Task details. Reproduce the records starting at the line that contains "Durban chemical spill: Damage" and running to the last line, exactly and in full.

[Records contained in a dataset]
........

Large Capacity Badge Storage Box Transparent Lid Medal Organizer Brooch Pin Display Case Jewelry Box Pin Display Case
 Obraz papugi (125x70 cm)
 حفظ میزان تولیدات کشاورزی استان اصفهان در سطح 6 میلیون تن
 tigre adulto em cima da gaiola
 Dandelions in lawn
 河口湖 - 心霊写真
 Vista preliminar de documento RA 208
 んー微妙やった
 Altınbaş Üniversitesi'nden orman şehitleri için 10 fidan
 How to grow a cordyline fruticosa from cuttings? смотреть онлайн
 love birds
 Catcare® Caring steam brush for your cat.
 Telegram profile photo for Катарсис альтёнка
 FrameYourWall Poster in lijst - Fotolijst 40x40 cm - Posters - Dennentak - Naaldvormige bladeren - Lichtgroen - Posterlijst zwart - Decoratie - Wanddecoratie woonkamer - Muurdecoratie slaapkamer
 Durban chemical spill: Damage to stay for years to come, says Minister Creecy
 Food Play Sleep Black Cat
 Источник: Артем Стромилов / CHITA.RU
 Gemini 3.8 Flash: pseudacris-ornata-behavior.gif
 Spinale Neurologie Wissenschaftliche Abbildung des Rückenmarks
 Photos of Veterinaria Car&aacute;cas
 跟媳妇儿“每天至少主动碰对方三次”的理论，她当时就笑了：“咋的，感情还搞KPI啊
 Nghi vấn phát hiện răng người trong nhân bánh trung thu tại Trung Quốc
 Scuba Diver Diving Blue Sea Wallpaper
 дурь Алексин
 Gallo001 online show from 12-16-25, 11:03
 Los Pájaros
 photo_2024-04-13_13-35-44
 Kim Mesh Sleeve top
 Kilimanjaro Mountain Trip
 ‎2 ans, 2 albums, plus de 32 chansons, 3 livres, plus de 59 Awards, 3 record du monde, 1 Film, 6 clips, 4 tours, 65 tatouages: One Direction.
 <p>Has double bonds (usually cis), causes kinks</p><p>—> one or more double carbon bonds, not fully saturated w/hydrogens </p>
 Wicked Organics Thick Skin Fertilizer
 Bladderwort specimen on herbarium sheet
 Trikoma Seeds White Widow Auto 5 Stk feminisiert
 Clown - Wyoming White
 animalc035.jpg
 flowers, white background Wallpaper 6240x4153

........

Solved problem.
 Durban chemical spill: Damage to stay for years to come, says Minister Creecy
 Food Play Sleep Black Cat
 Источник: Артем Стромилов / CHITA.RU
 Gemini 3.8 Flash: pseudacris-ornata-behavior.gif
 Spinale Neurologie Wissenschaftliche Abbildung des Rückenmarks
 Photos of Veterinaria Car&aacute;cas
 跟媳妇儿“每天至少主动碰对方三次”的理论，她当时就笑了：“咋的，感情还搞KPI啊
 Nghi vấn phát hiện răng người trong nhân bánh trung thu tại Trung Quốc
 Scuba Diver Diving Blue Sea Wallpaper
 дурь Алексин
 Gallo001 online show from 12-16-25, 11:03
 Los Pájaros
 photo_2024-04-13_13-35-44
 Kim Mesh Sleeve top
 Kilimanjaro Mountain Trip
 ‎2 ans, 2 albums, plus de 32 chansons, 3 livres, plus de 59 Awards, 3 record du monde, 1 Film, 6 clips, 4 tours, 65 tatouages: One Direction.
 <p>Has double bonds (usually cis), causes kinks</p><p>—> one or more double carbon bonds, not fully saturated w/hydrogens </p>
 Wicked Organics Thick Skin Fertilizer
 Bladderwort specimen on herbarium sheet
 Trikoma Seeds White Widow Auto 5 Stk feminisiert
 Clown - Wyoming White
 animalc035.jpg
 flowers, white background Wallpaper 6240x4153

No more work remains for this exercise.